[[ Recorded information open ]]

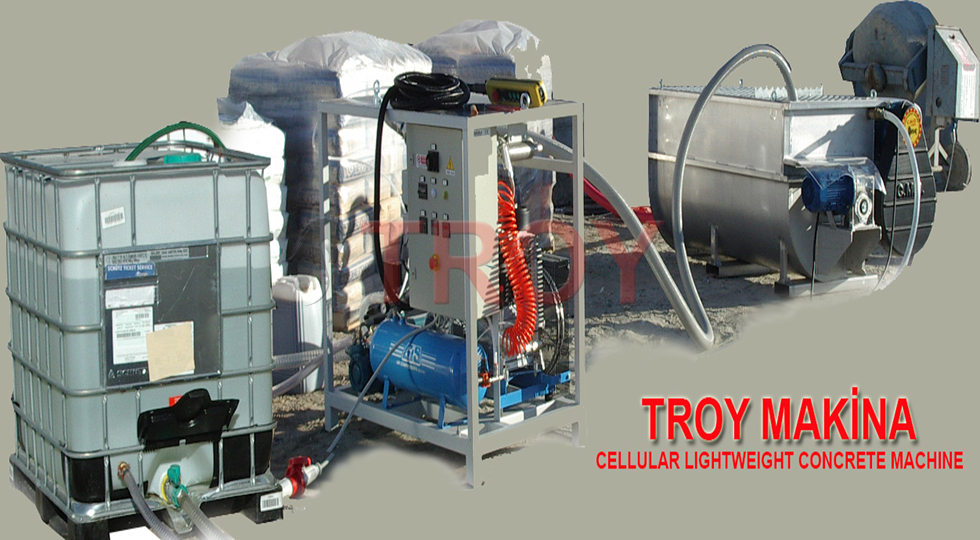 Stationary Screed Foam Concrete Machine Troy Makine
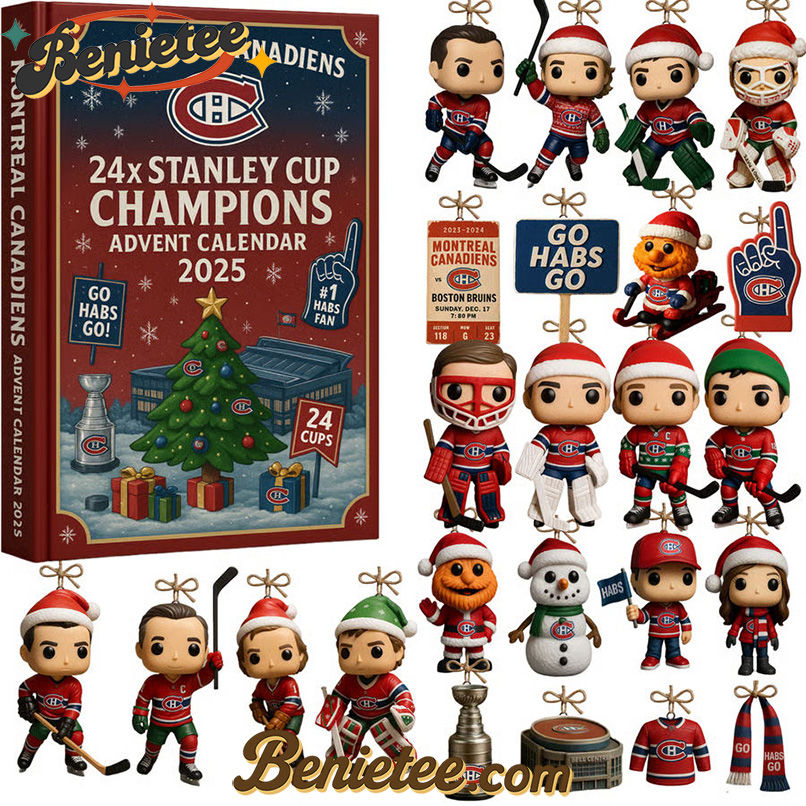 Montreal Canadiens Advent Calendar 2025, Christmas Countdown Advent Calendar Gift Box with 24 Acrylic Ornaments - Image 2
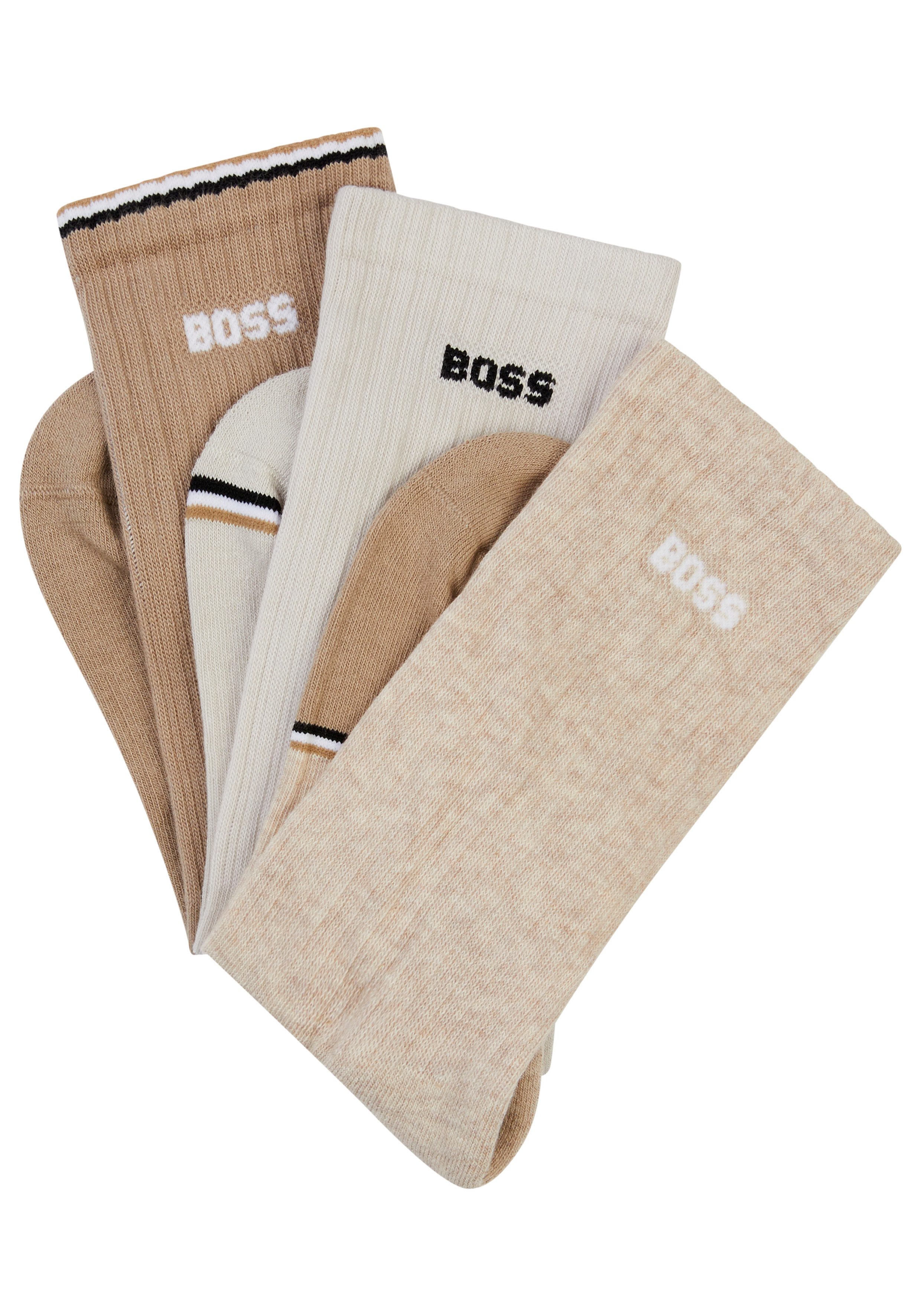BOSS Vrijetijdssokken 3PQSRibColorblock (3 paar) heren sokken maat 43-46 multicolor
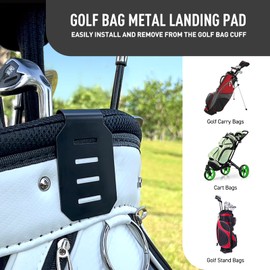 Dprofy Metal Landing Pads Metal Clips for Quick and Easy Access of Golf Bags, Magnetic Golf Towels, Magnetic Golf Rangefinder Strap Golf Accessories Golf Gifts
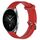 Per Xiaomi Watch S2 46mm 22mm Cinturino in silicone testurizzato con diamanti (rosso)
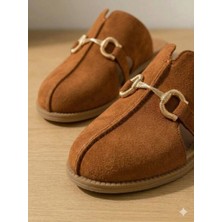 Tarçın Ayakkabı Hakiki Deri Kadın Deri Terlik TRC181-0823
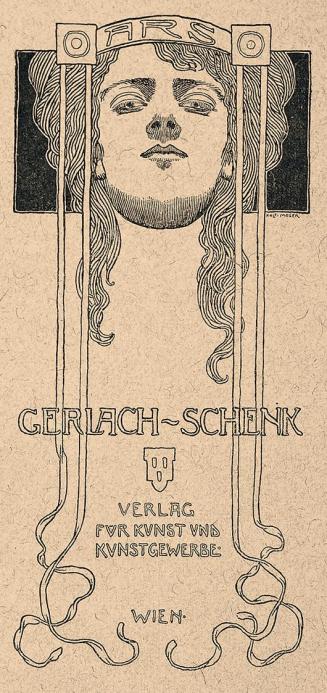 Koloman Moser, Werbeinserat für den Verlag „Gerlach-Schenk", 1898, Buchdruck, Blattmaße: 29,8 × ...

[[ Recorded information closed ]]

Exercise details → Please reproduce the lines exactly from the one containing "Dprofy Metal Landing" through the last line of the data above, and keep the pictures out.

Completed exercise →
 Dprofy Metal Landing Pads Metal Clips for Quick and Easy Access of Golf Bags, Magnetic Golf Towels, Magnetic Golf Rangefinder Strap Golf Accessories Golf Gifts
 Per Xiaomi Watch S2 46mm 22mm Cinturino in silicone testurizzato con diamanti (rosso)
 Tarçın Ayakkabı Hakiki Deri Kadın Deri Terlik TRC181-0823
 Koloman Moser, Werbeinserat für den Verlag „Gerlach-Schenk", 1898, Buchdruck, Blattmaße: 29,8 × ...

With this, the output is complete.